We’d like to create an extension that generates a PDF from a list of articles. This task contains the plan for creating a new HTML->PDF backend for [[ https://www.mediawiki.org/wiki/Extension:Collection | Extension:Collection]]. We’ll use [[https://wkhtmltopdf.org/ | wkhtmltopdf]] to generate PDF’s. Debian has a [[ https://packages.debian.org/jessie/utils/wkhtmltopdf | package]] for it. Below is an initial rough draft.
The main use case for the generated PDF is that it will be used as a printed book. For that the tool needs to be able to generate a PDF that has a table of contents with page numbers. The [[ https://github.com/msokk/electron-render-service | electron-render-service]] used in [[https://www.mediawiki.org/wiki/Extension:ElectronPdfService | Extension:ElectronPdfService]] does not have this capability. Another use case is that the generated PDF will be usable on a computer, where items in the table of contents, and links are clickable. The PDF should also have an outline for easy navigation. The electron-render-service doesn't have this capability either. What differs the new extension from the existing [[ https://www.mediawiki.org/wiki/Offline_content_generator | Offline Content Generator service ]] is that the extension will be able to output tables.
The extension will be used as one of the back-ends to [[https://www.mediawiki.org/wiki/Extension:Collection | Extension:Collection]]. It will expose a couple of end-points.
One of the end points will receive a payload in [[https://www.mediawiki.org/wiki/Offline_content_generator/metabook.json | the metabook format]] and start rendering a PDF. The extension will retrieve HTML versions of articles from RESTBase. It will also retrieve metadata such as authors of images from the MediaWiki API. It then makes transformations (identified in T163272) of HTML pages (or creates other HTML pages such as the cover page) using [[https://www.mediawiki.org/wiki/RemexHtml | RemexHtml]] (as was suggested in T163272#3272877) and saves them in the file system. It will then call wkhtmltopdf with the HTML file names as parameters (as shown in T163272#3284896) to generate a PDF. The PDF will be saved in the file system with a unique name.
While we can concatenate HTML files into one and generate a PDF, we don't have to as `wkhtmltopdf` allows us to pass multiple pages and generates a singel PDF. This is especially nice because we won't have to worry about ID collisions which will happen in case of concatenated HTML.
Temporary HTML files created for the purpose of generating the PDF will be immediately removed from the file system as they won’t be needed for creating other PDFs (because it’s unlikely that other books will have the same structure as the one that’s been generated).

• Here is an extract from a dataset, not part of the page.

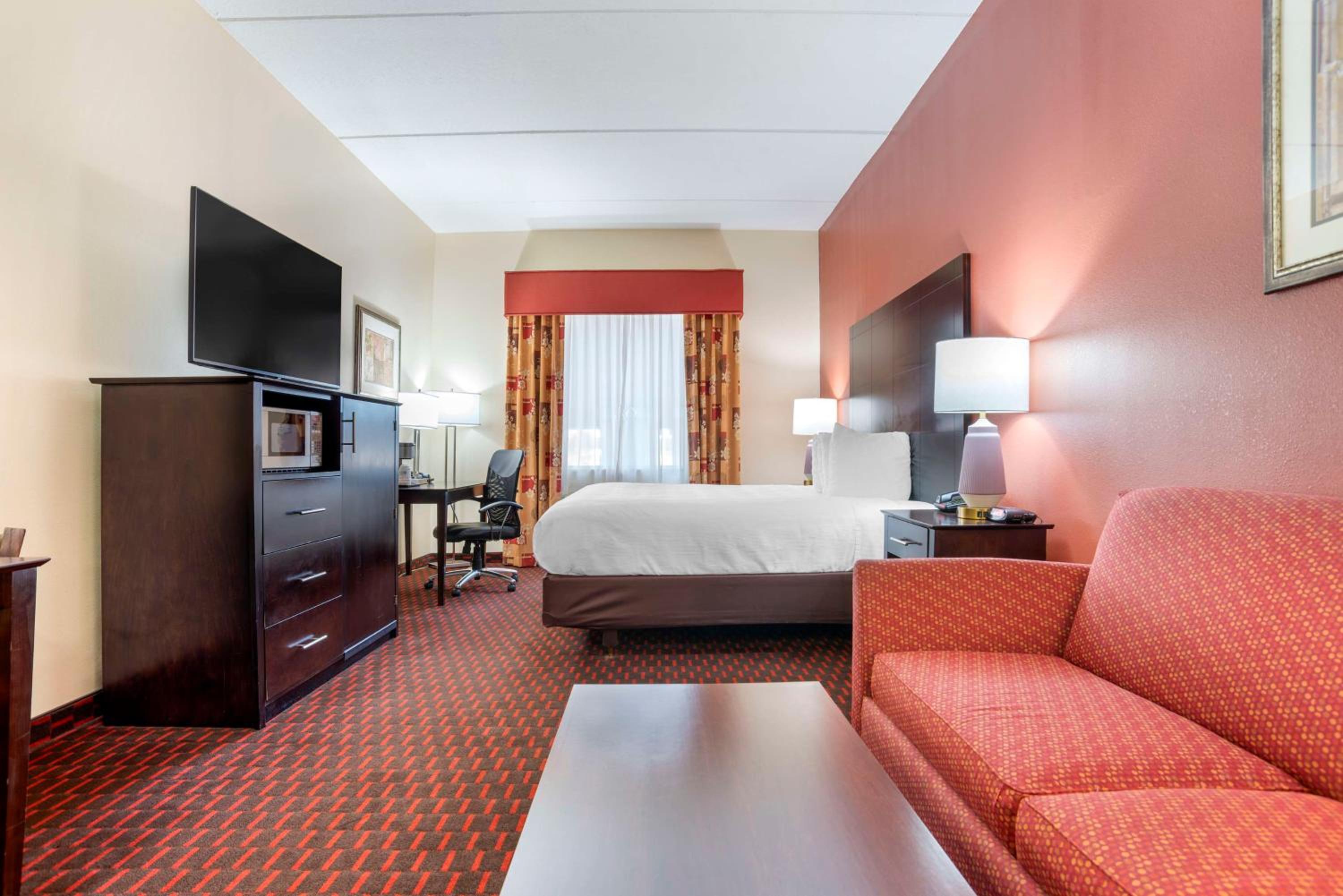 King Room - Non-Smoking - Photo 4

The PDF however will be kept in the file system for some period so that we can serve it without re-rendering it. Every so often we’ll have to clean up old PDF files. How often?
The extension also exposes an end point for retrieving the render status of a collection. This end point will be used by [[https://www.mediawiki.org/wiki/Extension:Collection | Extension:Collection]] to periodically check whether the requested PDF is ready.
==Open questions==
[] What details should we clarify before working on the extension? @tgr what do you think?
[] What problems may the above setup cause from the operations perspective? @faidon I'm curious to hear your opinion.
[] Other?